IR Design (Part 2): Progressive Lowering and Multi-Level IR

Introduction

In IR Design (Part 1), we introduced the fundamental concepts of SSA form, FX Graph IR, and MLIR Dialects. You already know that MLIR uses the dialect mechanism to allow IR representations at different abstraction levels to coexist within the same framework.

But a critical question remains unanswered: how do we convert between these different levels of IR?

Traditional compilers (like GCC and LLVM) define a small number of fixed IR levels, with a “big bang” conversion between each level — jumping in one step to a completely different representation. LLVM’s path is Clang AST -> LLVM IR -> Machine IR -> Assembly, with each step covering an enormous gap.

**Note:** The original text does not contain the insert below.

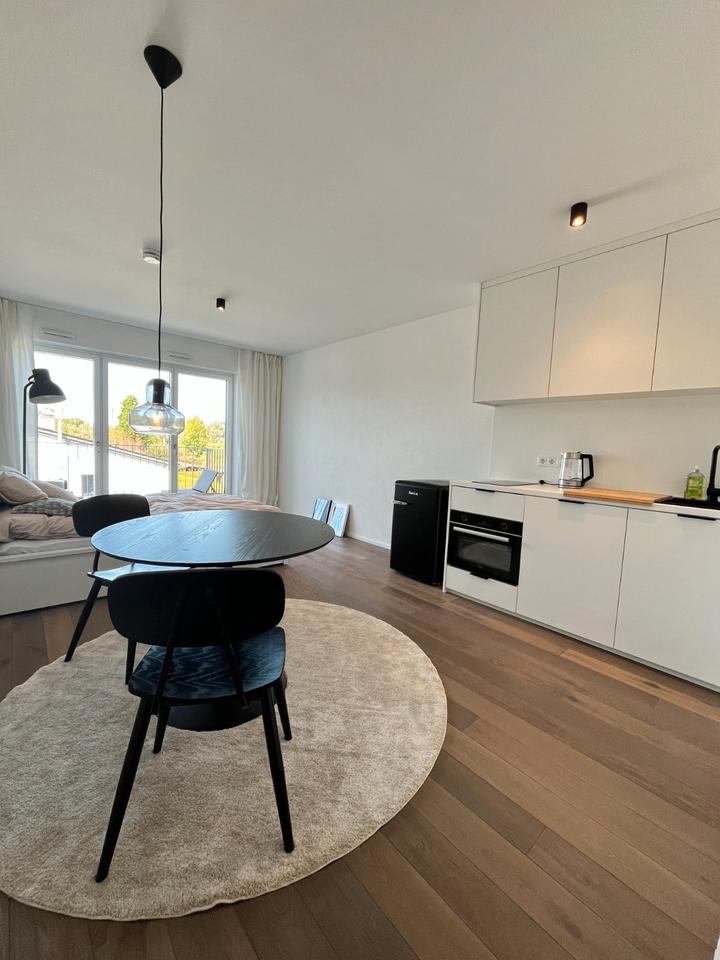 Thumbnail-Moderne, möblierte 1-Zimmer-Wohnung mit Balkon & Tiefgarage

MLIR chose a fundamentally different approach: Progressive Lowering. The core idea is — don’t go all the way down in one step. Instead, lower one abstraction level at a time, handling one concern per step. From high-level tensor semantics, through loop structures, memory management, hardware mapping, and finally down to LLVM IR, there can be arbitrarily many intermediate levels.

The value of this design lies in:

Information is preserved as long as possible — High-level semantic information (like “this is a matmul”) remains available until explicitly lowered, and optimization passes can leverage this information.
Each step is verifiable — Each lowering step changes only a small part of the IR, allowing verification and optimization between every step.
Flexible composition — Different lowering paths can be freely combined. The same linalg.matmul can be lowered to CPU loops or GPU kernels depending on which path you choose.

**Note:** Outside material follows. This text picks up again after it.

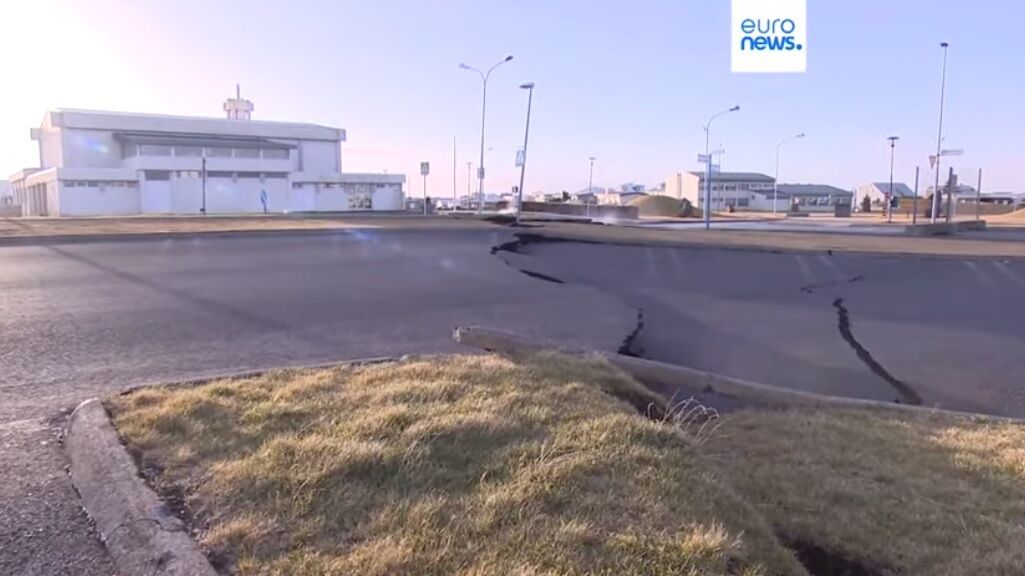 Volcano in Iceland is preparing to erupt: a 16 km long ''magma tunnel'' is being formed (video)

This article will dive deep into the core mechanisms of Progressive Lowering: lowering paths, the Dialect Conversion framework, Bufferization, and how real-world compilers like torch-mlir organize their lowering pipelines.

The Core Idea of Progressive Lowering

The Predicament of Single-Level IR

Let’s first understand why the traditional “few fixed IRs” approach has fundamental limitations.

Consider TVM as an example. TVM originally had two main IR levels: Relay (high-level computation graph) and TIR (low-level tensor IR). The conversion from Relay to TIR is an enormous leap — you jump directly from “this is a matmul operator” to “this is a set of nested loops with memory accesses.” This jump loses a massive amount of information:

The operator semantics at the Relay level (matmul, conv2d) completely disappear at the TIR level, becoming indistinguishable loop structures.
If you want to do cross-operator fusion at the TIR level, you need to “guess” what operators these loops originally represented — which is practically impossible.
Memory management (buffer allocation, in-place reuse) and loop transformations (tiling, vectorization) are coupled into a single step.

XLA’s HLO (High Level Optimizer) faces similar issues. HLO is a relatively flat operator graph, and the conversion to LLVM IR is similarly a large leap.

MLIR’s Answer: Many Small Steps

MLIR’s Progressive Lowering decomposes this enormous jump into a series of small steps:

linalg on tensors
    -> linalg on buffers (bufferization)
    -> SCF loops (loop materialization)
    -> affine loops (optional, for polyhedral optimization)
    -> GPU dialect (hardware mapping)
    -> LLVM dialect
    -> LLVM IR

Each step handles exactly one concern:

Step	Concern	From Dialect	To Dialect
Bufferization	Value semantics -> memory semantics	tensor	memref
Loop materialization	Operators -> loops	linalg	scf / affine
Hardware mapping	Loops -> parallel execution	scf	gpu / vector
Final lowering	Abstract -> concrete instructions	gpu, vector	llvm

The key principle is to preserve high-level information as long as possible. The linalg.matmul op persists until you explicitly convert it to loops through a lowering pass. Before that conversion, any optimization pass can recognize it and perform matmul-specific optimizations (such as choosing the optimal tiling strategy).

Select Example:

Abstraction:High

Low

Linalg on Tensors

linalg + tensor

What Changed: Starting point: tensor-level matmul

What Was Lost: (starting point, nothing lost)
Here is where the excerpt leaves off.